Keane joins several other foreign stars who have wound down their careers in the Indian Super League. Since 2014, when the league became active, it’s seen appearances from Joan Capdevilla, David Trezeguet, Alessandro Del Piero, Nicolas Anelka, Roberto Carlos, Robert Pirès, Mohamed Sissoko, Lúcio, and Florent Malouda, among others. If this sounds like a rehash of MLS’s similar strategy, but with even older players, that’s right. But in a country where soccer isn’t ingrained in the culture from a young age, the arrival of old stars can be useful in helping the game catch on.
Unlike China, the country nearest India in population, the ISL is encouraging investment in players from abroad. The Chinese Super League saw some absolutely eye-popping mega-transfers for good players in their primes for a few recent years, but new taxes imposed on these moves have now mostly closed the league off to prominent talents from outside China.
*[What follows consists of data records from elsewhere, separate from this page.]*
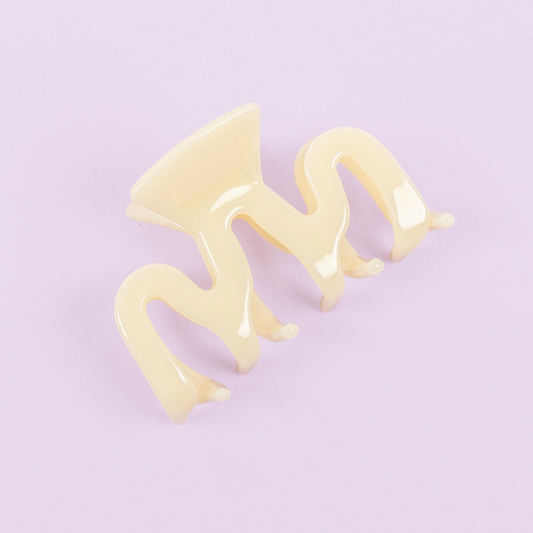 Haarclip Lemon Meringue small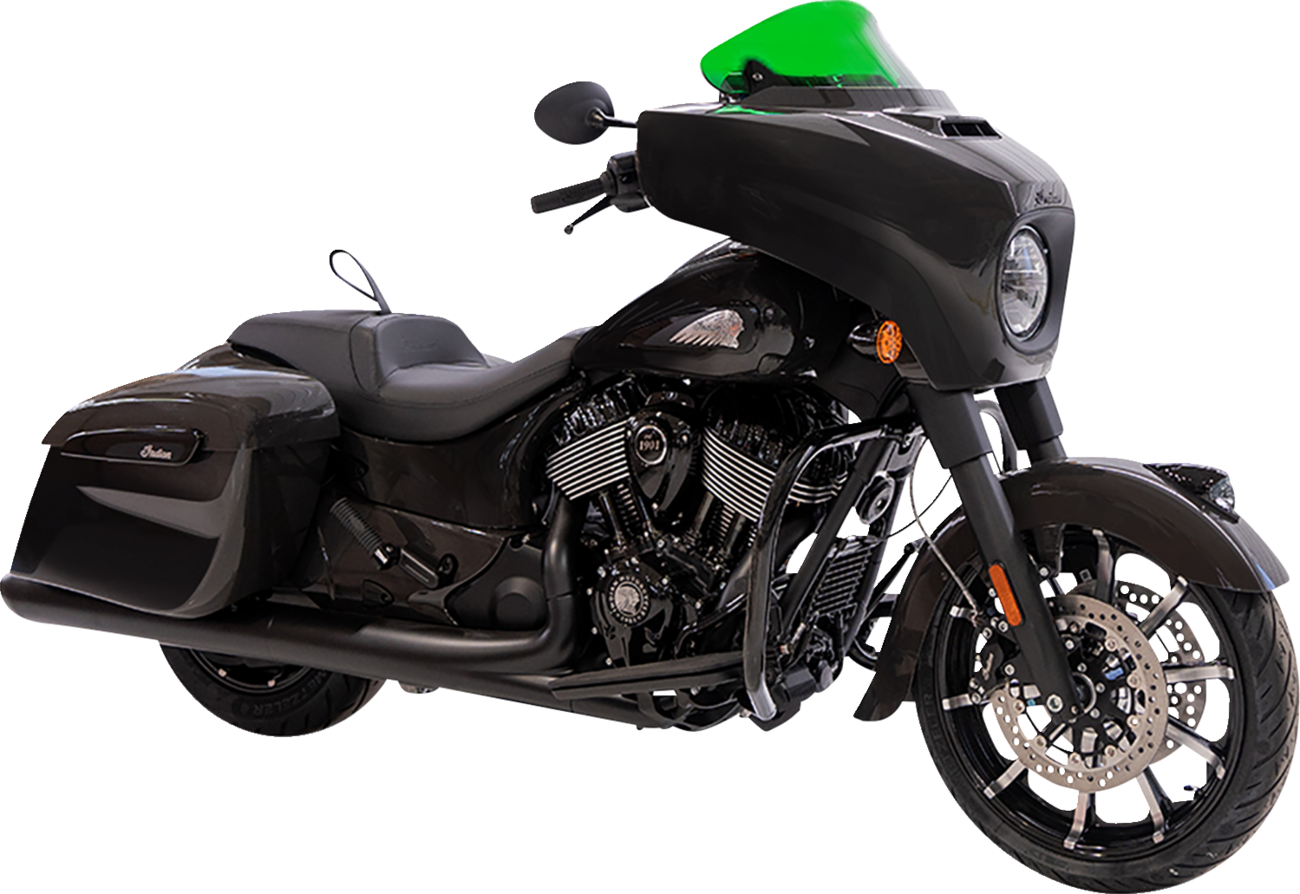 Kolor Flare® Windshield - 10" - Green - '14-'26 Indian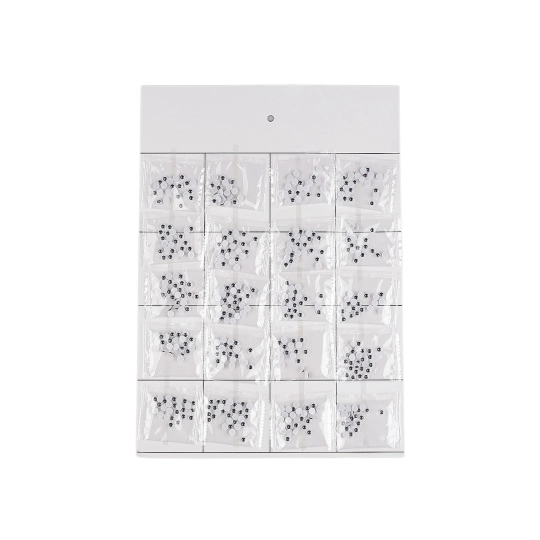 Plastové oči na nalepenie s pohyblivou šošovkou Ø6, 8, 10, 12 mm - 20 sáčok | Mimib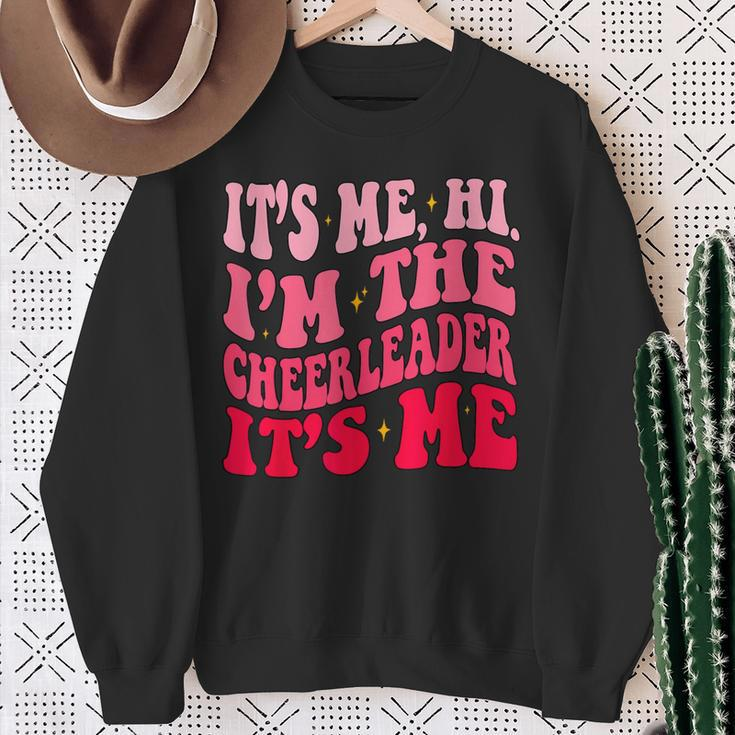 Saying It's Me Hi I'm The Cheerleader Cheerleading Sweatshirt Gifts for Old Women
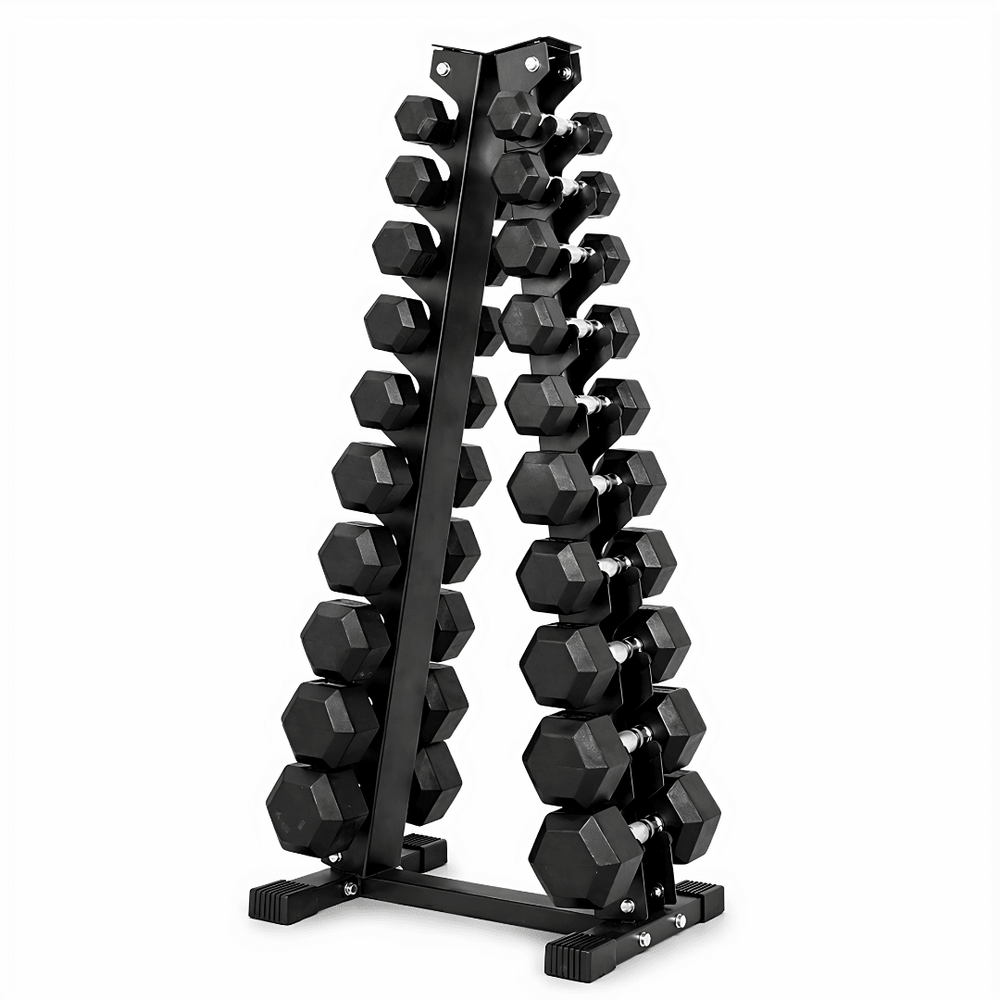 Hexa Dumbbell Set met Verticaal Rek - 1 t/m 10KG - Physical Sports Group B.V.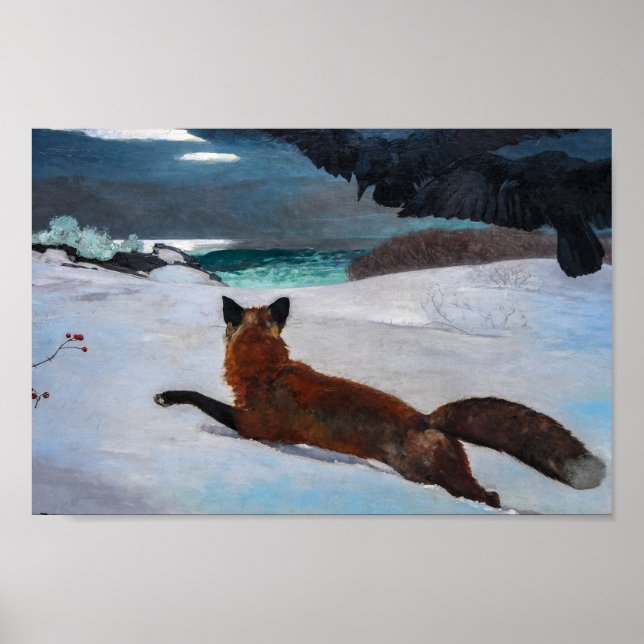 Fox Hunt by Winslow Homer Poster (Front)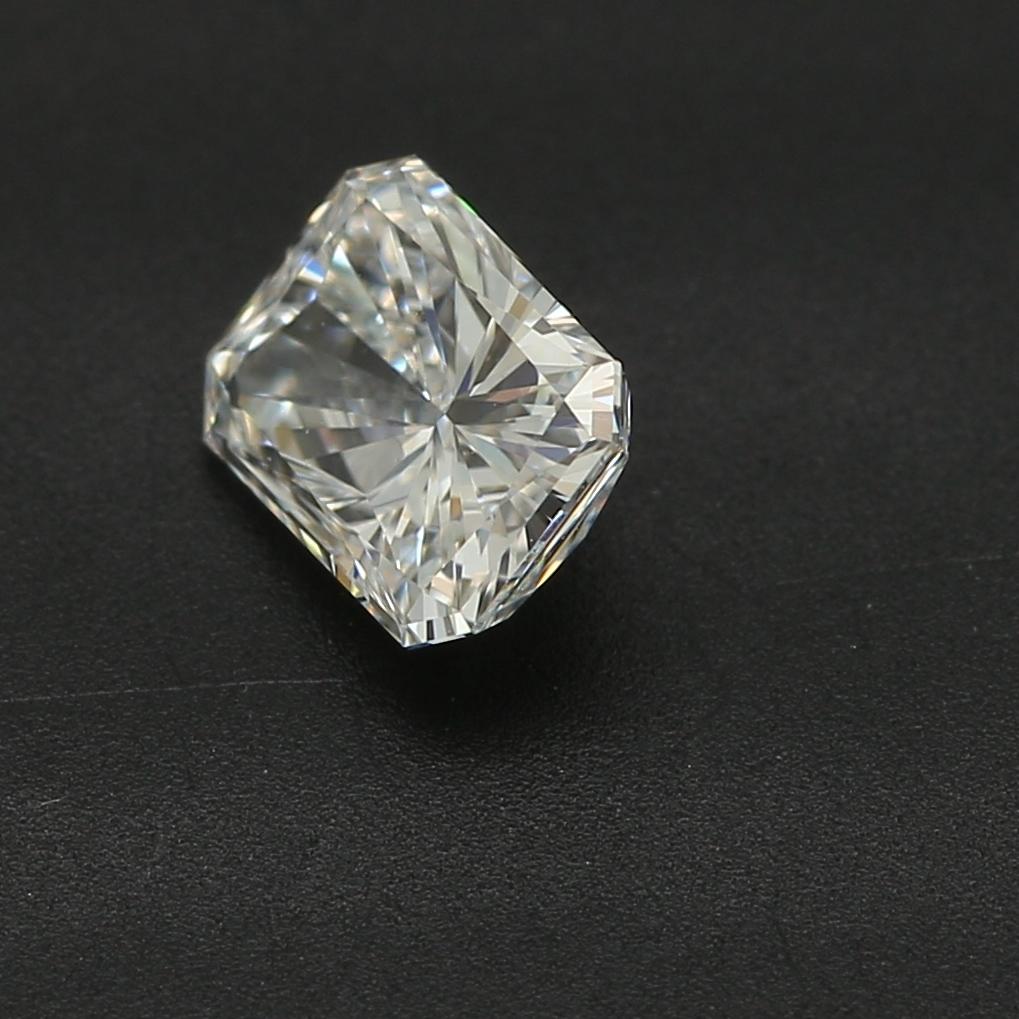 Radiant Cut GIA Certified 0.41 Carat F Colour IF Clarity Diamond For Sale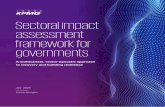 Sectoral impact assessment framework for governments€¦ · 1. Sectoral/sub-sectoral order of impact to identify the degree of risk. This will help governments to identify the most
The ISL, by contrast, initially drew attention from fans in its country by mandating the signing of “marquee players,” which included most of the known names previously mentioned. For the upcoming season, these players—who almost never made a tangible impact on the pitch—are no longer required, but there’s still a quota of foreign players for each club, which helps the league’s quality while the sport is still introduced to the larger Indian population.